# EXERCISE AIM
Please repeat, from the entries that follow, the lines from the one containing "110 E Bell St. Property Photo 27" through the one containing "リンナイ・ココットプレートで焼き上げるバラ肉" exactly, adding nothing.

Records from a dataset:
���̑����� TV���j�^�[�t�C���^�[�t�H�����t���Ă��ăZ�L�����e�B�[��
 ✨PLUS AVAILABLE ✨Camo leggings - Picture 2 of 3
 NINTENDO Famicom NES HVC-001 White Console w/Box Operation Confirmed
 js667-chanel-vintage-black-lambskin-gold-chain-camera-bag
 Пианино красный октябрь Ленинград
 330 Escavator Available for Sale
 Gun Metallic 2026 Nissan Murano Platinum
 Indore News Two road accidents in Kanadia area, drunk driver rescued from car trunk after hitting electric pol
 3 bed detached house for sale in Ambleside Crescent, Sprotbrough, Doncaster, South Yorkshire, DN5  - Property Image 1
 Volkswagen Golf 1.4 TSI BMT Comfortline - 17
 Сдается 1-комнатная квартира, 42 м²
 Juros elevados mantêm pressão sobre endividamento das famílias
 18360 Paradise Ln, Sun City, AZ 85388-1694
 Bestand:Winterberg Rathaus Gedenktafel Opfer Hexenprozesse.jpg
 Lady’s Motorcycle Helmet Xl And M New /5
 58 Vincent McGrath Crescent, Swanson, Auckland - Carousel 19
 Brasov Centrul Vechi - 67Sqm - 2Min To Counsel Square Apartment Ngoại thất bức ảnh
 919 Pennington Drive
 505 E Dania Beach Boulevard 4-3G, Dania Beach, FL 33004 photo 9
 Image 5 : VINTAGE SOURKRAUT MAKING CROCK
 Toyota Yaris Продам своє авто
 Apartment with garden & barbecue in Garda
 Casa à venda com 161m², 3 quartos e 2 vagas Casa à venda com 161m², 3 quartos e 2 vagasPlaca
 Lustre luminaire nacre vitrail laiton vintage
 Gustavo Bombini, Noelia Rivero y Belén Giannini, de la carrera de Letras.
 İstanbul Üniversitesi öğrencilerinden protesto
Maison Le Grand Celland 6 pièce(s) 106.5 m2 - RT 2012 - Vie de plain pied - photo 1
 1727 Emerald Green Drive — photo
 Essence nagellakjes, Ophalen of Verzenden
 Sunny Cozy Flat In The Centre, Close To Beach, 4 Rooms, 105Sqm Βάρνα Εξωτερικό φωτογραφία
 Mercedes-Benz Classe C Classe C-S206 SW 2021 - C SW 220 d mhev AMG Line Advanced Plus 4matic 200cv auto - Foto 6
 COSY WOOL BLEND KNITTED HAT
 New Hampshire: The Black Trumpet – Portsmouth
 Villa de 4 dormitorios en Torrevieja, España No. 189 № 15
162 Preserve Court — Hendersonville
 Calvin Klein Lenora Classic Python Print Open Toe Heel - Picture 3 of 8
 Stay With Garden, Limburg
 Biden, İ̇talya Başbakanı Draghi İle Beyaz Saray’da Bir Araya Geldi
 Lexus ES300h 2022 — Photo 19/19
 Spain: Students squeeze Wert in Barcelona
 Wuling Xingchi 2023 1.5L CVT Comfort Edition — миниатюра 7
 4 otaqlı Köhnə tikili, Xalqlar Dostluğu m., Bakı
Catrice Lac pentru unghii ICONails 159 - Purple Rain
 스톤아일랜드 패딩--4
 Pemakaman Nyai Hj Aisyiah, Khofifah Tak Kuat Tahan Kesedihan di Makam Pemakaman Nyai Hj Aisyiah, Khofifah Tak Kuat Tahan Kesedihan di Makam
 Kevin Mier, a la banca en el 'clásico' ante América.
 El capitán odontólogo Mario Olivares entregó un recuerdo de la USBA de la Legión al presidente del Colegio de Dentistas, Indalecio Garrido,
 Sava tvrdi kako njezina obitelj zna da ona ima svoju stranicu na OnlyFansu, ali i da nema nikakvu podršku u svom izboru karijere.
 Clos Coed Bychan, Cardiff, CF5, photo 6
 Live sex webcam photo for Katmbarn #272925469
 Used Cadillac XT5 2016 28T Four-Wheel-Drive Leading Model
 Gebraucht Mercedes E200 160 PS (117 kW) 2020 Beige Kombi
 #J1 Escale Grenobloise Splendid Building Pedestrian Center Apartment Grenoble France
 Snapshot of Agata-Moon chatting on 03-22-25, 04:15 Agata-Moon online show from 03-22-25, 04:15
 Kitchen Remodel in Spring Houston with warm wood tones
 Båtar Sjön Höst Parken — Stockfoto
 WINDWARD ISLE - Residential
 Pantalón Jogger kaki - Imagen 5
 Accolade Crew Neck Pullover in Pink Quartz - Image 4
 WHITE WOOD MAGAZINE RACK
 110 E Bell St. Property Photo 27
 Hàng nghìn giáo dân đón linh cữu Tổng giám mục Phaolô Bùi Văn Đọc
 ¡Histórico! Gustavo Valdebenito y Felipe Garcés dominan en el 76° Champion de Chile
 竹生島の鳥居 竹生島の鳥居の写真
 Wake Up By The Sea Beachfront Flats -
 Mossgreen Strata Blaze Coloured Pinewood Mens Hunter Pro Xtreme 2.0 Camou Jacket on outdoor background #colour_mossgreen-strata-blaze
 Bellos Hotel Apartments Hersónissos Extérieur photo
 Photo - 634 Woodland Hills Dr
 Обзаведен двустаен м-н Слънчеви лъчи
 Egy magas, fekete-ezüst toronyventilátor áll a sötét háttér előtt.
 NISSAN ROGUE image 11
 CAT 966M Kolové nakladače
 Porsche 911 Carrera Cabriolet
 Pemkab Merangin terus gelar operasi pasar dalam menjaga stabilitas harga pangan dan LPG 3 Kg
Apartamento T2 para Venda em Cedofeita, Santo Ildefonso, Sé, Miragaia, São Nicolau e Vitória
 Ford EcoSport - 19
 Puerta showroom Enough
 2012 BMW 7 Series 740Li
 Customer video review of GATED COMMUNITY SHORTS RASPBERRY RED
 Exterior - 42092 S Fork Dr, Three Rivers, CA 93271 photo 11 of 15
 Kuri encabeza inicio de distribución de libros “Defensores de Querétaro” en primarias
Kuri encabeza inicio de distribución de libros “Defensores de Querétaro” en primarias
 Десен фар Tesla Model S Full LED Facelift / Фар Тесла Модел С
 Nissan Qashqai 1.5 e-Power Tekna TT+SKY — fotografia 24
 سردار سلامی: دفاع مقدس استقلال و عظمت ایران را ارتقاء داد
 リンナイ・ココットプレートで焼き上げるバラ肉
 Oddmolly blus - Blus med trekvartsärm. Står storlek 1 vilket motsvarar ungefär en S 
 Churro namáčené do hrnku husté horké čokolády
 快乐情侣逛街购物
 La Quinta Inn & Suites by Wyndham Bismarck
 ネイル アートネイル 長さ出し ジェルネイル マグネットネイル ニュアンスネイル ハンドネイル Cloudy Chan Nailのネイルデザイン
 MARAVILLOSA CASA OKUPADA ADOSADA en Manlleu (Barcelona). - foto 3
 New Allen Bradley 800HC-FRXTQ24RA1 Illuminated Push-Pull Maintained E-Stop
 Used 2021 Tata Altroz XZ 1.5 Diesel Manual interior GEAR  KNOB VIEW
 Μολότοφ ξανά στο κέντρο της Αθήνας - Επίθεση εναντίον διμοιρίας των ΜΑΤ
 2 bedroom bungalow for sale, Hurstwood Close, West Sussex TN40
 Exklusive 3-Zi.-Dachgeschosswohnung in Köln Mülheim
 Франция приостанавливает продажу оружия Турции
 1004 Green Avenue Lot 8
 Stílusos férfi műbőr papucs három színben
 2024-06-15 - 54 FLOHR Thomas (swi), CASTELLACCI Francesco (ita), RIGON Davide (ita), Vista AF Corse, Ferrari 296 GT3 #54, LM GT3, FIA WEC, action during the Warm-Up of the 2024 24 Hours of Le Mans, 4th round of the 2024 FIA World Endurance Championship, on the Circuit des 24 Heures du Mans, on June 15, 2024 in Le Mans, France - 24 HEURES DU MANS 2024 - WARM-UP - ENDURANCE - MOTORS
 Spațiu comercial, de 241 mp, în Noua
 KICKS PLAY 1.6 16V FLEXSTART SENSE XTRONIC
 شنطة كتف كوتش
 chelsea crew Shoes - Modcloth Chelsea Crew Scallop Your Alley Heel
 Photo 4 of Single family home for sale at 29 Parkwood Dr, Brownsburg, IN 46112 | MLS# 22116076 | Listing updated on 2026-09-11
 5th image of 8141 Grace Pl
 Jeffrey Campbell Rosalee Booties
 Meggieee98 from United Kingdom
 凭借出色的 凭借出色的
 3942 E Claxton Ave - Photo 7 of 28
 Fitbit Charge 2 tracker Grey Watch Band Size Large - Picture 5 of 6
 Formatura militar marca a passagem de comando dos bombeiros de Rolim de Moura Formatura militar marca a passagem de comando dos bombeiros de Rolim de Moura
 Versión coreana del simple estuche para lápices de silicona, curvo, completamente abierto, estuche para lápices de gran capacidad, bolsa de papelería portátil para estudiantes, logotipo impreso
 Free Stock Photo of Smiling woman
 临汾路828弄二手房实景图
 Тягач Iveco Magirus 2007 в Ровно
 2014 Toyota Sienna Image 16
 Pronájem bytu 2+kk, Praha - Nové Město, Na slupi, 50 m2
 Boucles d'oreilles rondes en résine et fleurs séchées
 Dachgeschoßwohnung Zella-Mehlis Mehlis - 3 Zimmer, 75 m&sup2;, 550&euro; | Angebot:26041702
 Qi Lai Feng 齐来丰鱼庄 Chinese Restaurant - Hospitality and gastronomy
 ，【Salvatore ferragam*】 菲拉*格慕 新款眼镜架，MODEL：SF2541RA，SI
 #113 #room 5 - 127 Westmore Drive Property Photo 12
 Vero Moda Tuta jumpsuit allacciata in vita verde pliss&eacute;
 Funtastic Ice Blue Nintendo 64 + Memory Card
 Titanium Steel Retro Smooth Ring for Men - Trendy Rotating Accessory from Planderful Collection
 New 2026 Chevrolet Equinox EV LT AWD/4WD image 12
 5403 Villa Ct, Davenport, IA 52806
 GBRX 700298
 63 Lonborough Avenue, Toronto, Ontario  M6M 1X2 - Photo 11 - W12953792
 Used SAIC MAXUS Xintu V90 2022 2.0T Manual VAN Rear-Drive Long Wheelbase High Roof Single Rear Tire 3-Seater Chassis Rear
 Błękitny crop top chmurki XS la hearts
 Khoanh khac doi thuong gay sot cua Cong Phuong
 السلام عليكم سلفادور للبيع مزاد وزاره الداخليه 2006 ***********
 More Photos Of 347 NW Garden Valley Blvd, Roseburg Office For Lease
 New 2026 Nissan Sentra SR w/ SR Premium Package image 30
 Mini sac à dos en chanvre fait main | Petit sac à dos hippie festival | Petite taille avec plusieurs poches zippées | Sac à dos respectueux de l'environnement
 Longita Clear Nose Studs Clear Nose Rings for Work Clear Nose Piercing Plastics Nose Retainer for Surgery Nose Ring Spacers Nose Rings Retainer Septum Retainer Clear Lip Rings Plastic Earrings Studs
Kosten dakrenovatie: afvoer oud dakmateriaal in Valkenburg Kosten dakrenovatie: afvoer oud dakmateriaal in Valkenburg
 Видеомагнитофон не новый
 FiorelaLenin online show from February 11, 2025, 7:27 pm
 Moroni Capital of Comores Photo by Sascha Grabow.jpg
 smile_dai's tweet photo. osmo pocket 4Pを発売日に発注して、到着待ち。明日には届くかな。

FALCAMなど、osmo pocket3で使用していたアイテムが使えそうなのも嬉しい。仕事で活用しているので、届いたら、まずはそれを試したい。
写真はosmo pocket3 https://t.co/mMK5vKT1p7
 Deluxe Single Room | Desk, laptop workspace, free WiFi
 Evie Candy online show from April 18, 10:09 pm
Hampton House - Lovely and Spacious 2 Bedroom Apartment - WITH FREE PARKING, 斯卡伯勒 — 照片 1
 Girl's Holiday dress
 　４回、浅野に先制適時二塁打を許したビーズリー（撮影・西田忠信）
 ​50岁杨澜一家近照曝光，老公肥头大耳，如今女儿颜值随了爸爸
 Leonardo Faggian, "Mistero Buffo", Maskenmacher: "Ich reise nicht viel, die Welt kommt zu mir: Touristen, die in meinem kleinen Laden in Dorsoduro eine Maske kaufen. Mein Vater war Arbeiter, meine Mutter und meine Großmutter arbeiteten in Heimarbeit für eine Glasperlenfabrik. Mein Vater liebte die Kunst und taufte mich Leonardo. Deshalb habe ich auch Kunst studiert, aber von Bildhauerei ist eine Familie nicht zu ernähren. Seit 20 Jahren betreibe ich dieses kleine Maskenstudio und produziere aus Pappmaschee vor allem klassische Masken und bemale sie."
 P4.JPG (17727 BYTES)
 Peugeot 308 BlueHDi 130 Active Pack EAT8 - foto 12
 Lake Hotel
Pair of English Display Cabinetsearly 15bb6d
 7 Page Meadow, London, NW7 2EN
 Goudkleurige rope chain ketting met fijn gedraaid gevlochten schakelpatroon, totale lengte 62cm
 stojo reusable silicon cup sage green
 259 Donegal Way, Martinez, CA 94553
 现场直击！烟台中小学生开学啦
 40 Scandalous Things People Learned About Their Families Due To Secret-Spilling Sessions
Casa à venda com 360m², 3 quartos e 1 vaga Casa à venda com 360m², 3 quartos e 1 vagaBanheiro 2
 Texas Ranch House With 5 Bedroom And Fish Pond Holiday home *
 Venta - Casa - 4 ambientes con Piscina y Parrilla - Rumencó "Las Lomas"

# WRITTEN SOLUTION
 110 E Bell St. Property Photo 27
 Hàng nghìn giáo dân đón linh cữu Tổng giám mục Phaolô Bùi Văn Đọc
 ¡Histórico! Gustavo Valdebenito y Felipe Garcés dominan en el 76° Champion de Chile
 竹生島の鳥居 竹生島の鳥居の写真
 Wake Up By The Sea Beachfront Flats -
 Mossgreen Strata Blaze Coloured Pinewood Mens Hunter Pro Xtreme 2.0 Camou Jacket on outdoor background #colour_mossgreen-strata-blaze
 Bellos Hotel Apartments Hersónissos Extérieur photo
 Photo - 634 Woodland Hills Dr
 Обзаведен двустаен м-н Слънчеви лъчи
 Egy magas, fekete-ezüst toronyventilátor áll a sötét háttér előtt.
 NISSAN ROGUE image 11
 CAT 966M Kolové nakladače
 Porsche 911 Carrera Cabriolet
 Pemkab Merangin terus gelar operasi pasar dalam menjaga stabilitas harga pangan dan LPG 3 Kg
Apartamento T2 para Venda em Cedofeita, Santo Ildefonso, Sé, Miragaia, São Nicolau e Vitória
 Ford EcoSport - 19
 Puerta showroom Enough
 2012 BMW 7 Series 740Li
 Customer video review of GATED COMMUNITY SHORTS RASPBERRY RED
 Exterior - 42092 S Fork Dr, Three Rivers, CA 93271 photo 11 of 15
 Kuri encabeza inicio de distribución de libros “Defensores de Querétaro” en primarias
Kuri encabeza inicio de distribución de libros “Defensores de Querétaro” en primarias
 Десен фар Tesla Model S Full LED Facelift / Фар Тесла Модел С
 Nissan Qashqai 1.5 e-Power Tekna TT+SKY — fotografia 24
 سردار سلامی: دفاع مقدس استقلال و عظمت ایران را ارتقاء داد
 リンナイ・ココットプレートで焼き上げるバラ肉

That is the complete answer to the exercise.